Renaissance Without Reformation: Religion and the Public Sphere in Early Modern India
Elaine Fisher is a scholar of South Asian religions and Indian intellectual history. As a Mellon Postdoctoral Fellow in the Religious Studies Program at UW-Madison, she will be pursuing her long-term research interests on the role of religion in Indian early modernity. Her current research aims to question the inherent relationship between secularism and modernity across continents, rethinking in particular the nature of publicity and the “public sphere” in early modern India. Contrary to Western models of publicity, the public in early modern India did not consist of a common dialogical space free from sectarian interests; rather, the Indian public was, more accurately, publics in the plural: spatially overlapping but institutionally distinct networks in which each community generated its own internal conversations. In fact, it is due to the colonial encounter with Western publicity, I argue, that sectarianism gives way to communalism, as formerly discrete public domains are collapsed into a shared public space.

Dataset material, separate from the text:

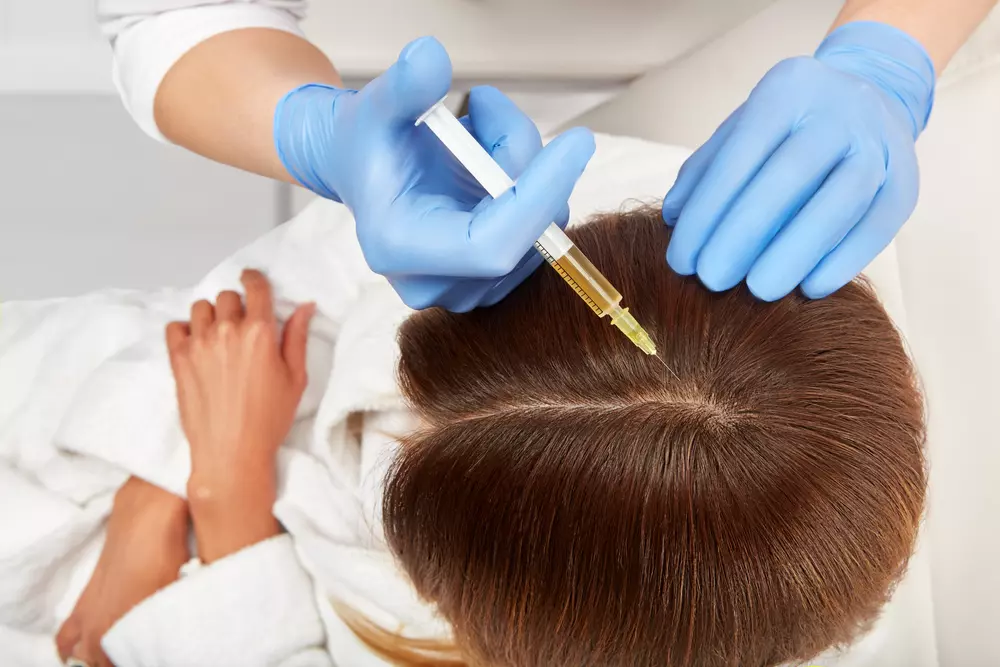 a women getting examined by a doctor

Elaine received her PhD from Columbia University in 2013. Her dissertation, “A New Public Theology: Sanskrit and Society in Seventeenth-century South India,” examines the historical emergence of Hindu sectarianism in the centuries prior to British colonialism, a definitive era for the structure of religious communities in India through the present day. Drawing on unpublished manuscript and archival sources in Sanskrit, Tamil, Telugu, and Marathi, she documents the origins of the Smārta-Śaiva Hindu tradition—or Smārta Brahminism—in south India, mediated through the writings of leading Śaiva public theologians.